─── Available records ───

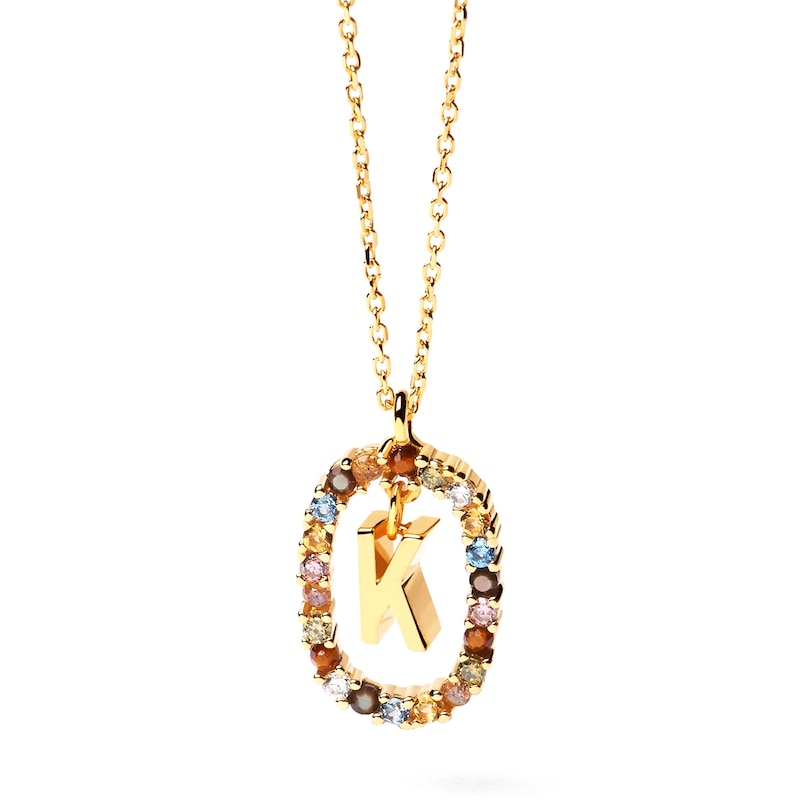 PDPAOLA™ at Zales Multi-Color "K" Pendant in Sterling Silver with 18K Gold Plate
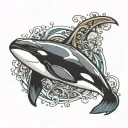 orca swimming tattoo design idea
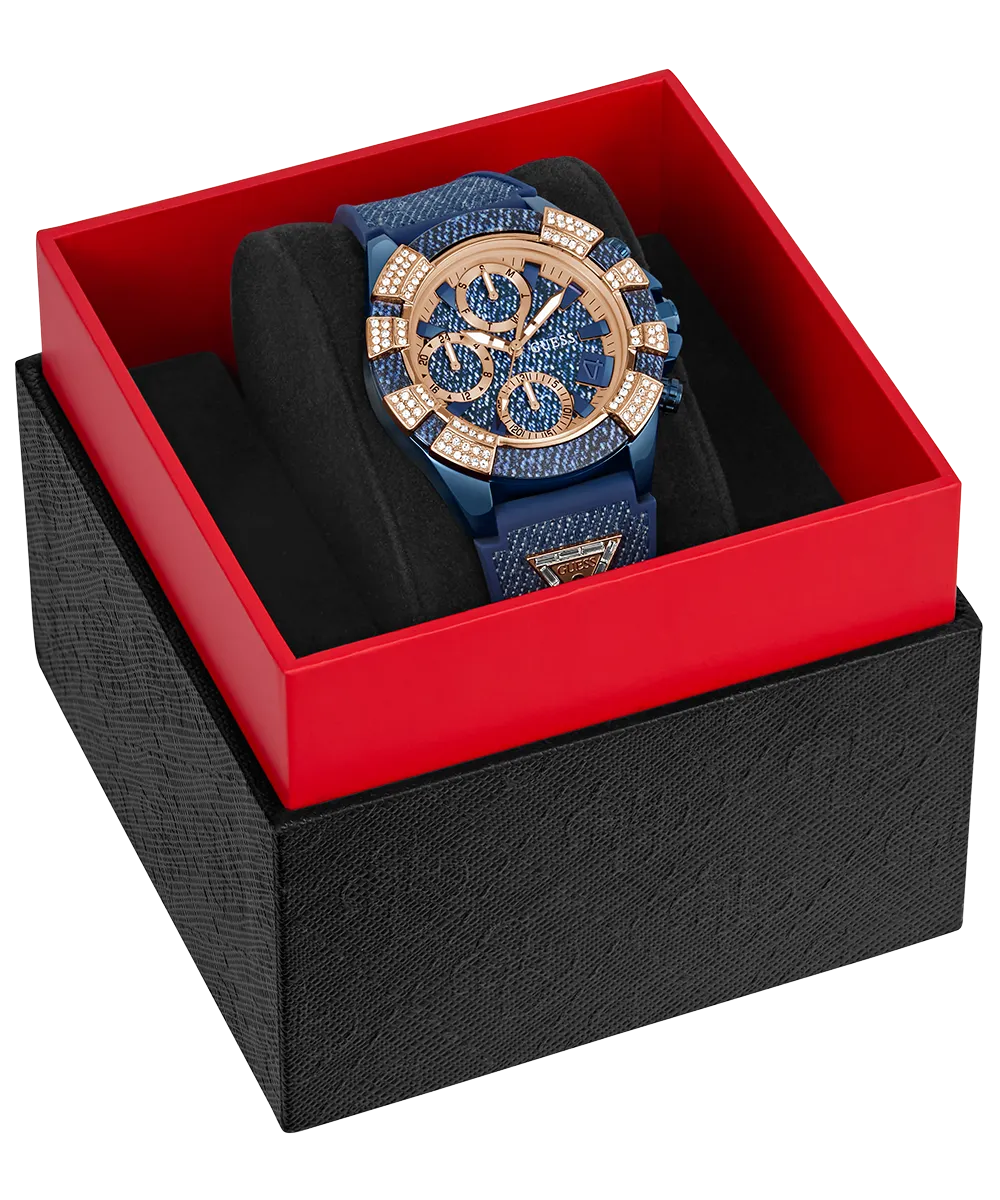 40th Anniversary Special Edition GUESS Ladies Blue Rose Gold Tone Multi-function Watch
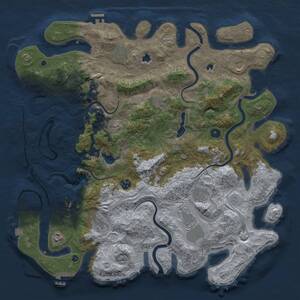 Thumbnail Rust Map: Procedural Map, Size: 4500, Seed: 797495034, 16 Monuments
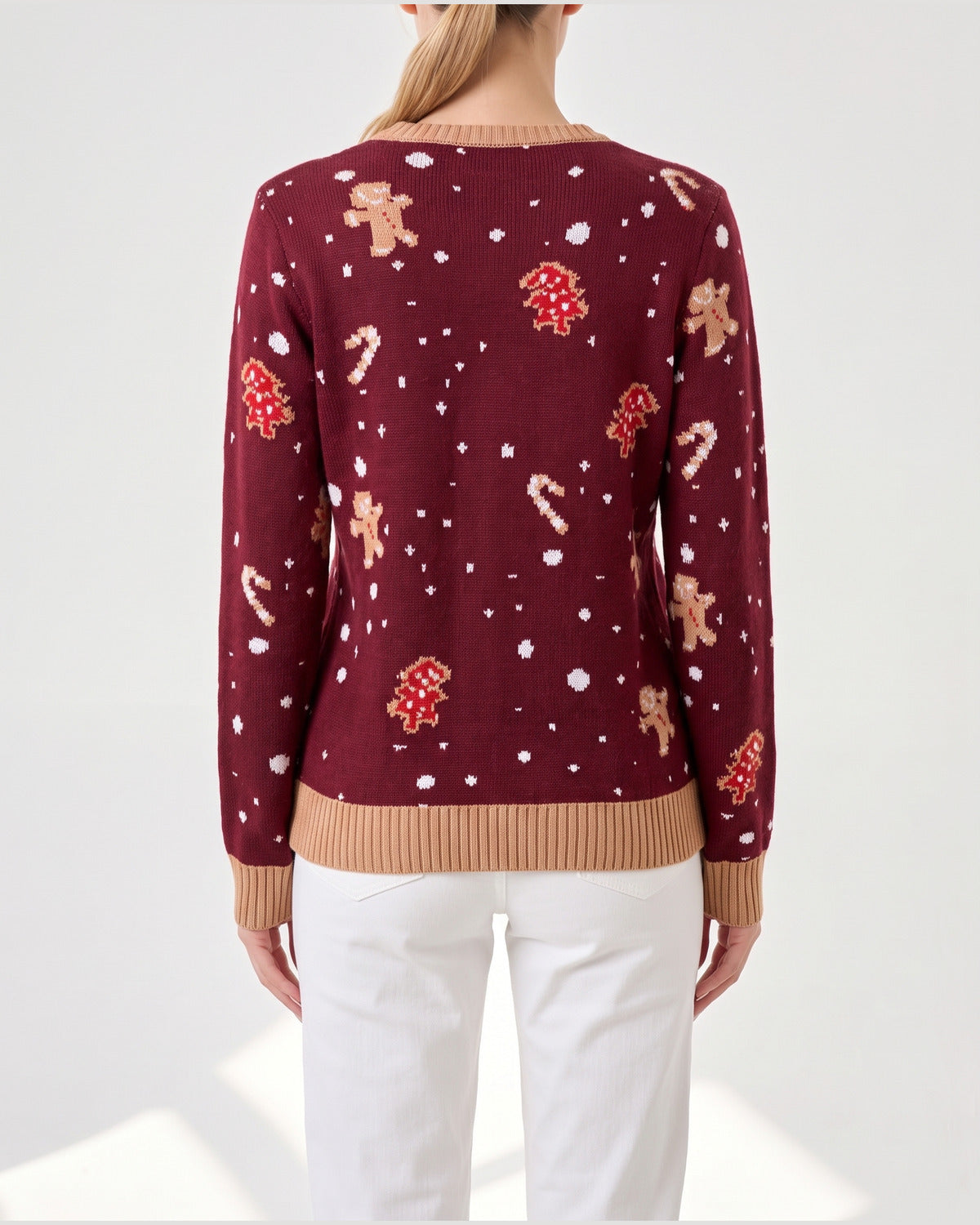 Burgundy Gingerbread Crew Neck Christmas Sweater - back view (Burgundy)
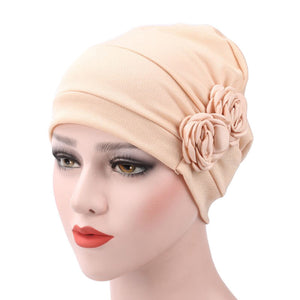 Scarfs & Scarves,Women's Rose Flowers Muslim Beanie Cap Snood Cancer Hat for Chemo Hair Loss,guiro,Zeinab Fashion.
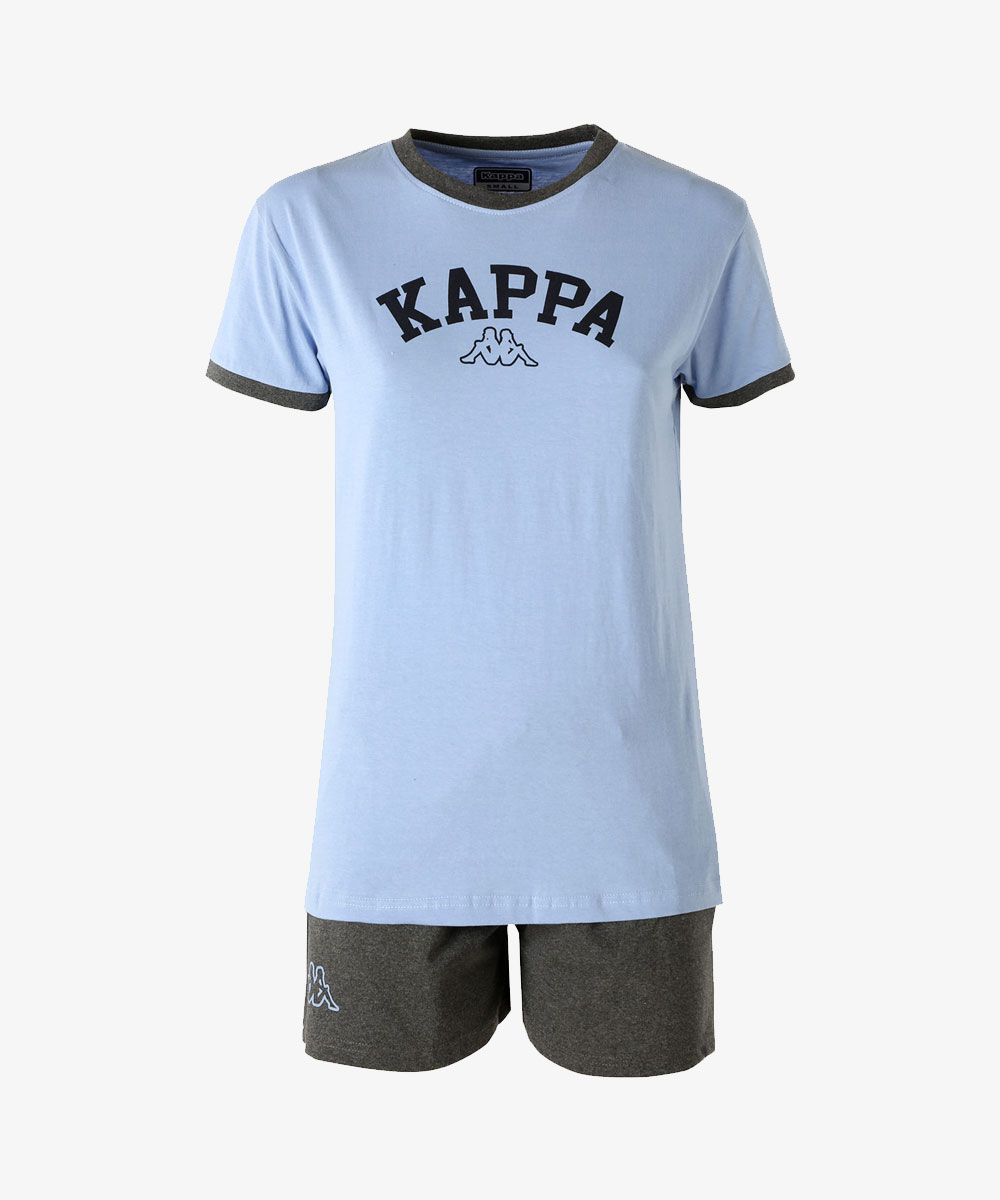 Kappa light-blue ringer T-shirt with dark-grey trim and matching dark-grey shorts loungewear set
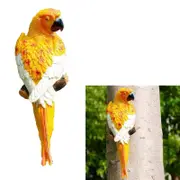 Catzon Parrot Statue Resin Bird Figurine for Patio Lawn Yard Wall Mounted Garden Decoration -Yellow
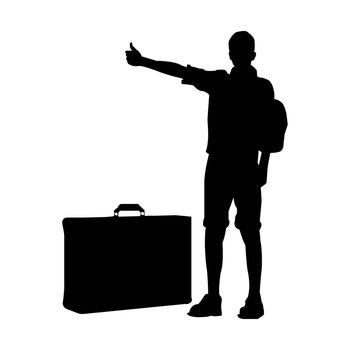 Vector illustration with travel motif ( A silhouette man hitchhiking )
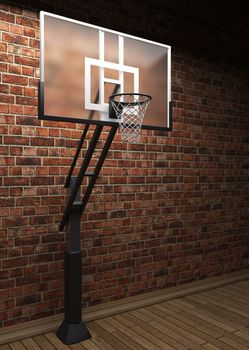 old brick wall and basketball made in 3D graphics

───

Set down exactly, and only, the lines from the one containing "orca swimming tattoo design idea" through the last line of the entries. Pictures do not belong in the copy.

Answer box.
 orca swimming tattoo design idea
 40th Anniversary Special Edition GUESS Ladies Blue Rose Gold Tone Multi-function Watch
 Thumbnail Rust Map: Procedural Map, Size: 4500, Seed: 797495034, 16 Monuments
 Burgundy Gingerbread Crew Neck Christmas Sweater - back view (Burgundy)
 Scarfs & Scarves,Women's Rose Flowers Muslim Beanie Cap Snood Cancer Hat for Chemo Hair Loss,guiro,Zeinab Fashion.
 Kappa light-blue ringer T-shirt with dark-grey trim and matching dark-grey shorts loungewear set
 Catzon Parrot Statue Resin Bird Figurine for Patio Lawn Yard Wall Mounted Garden Decoration -Yellow
 Vector illustration with travel motif ( A silhouette man hitchhiking )
 old brick wall and basketball made in 3D graphics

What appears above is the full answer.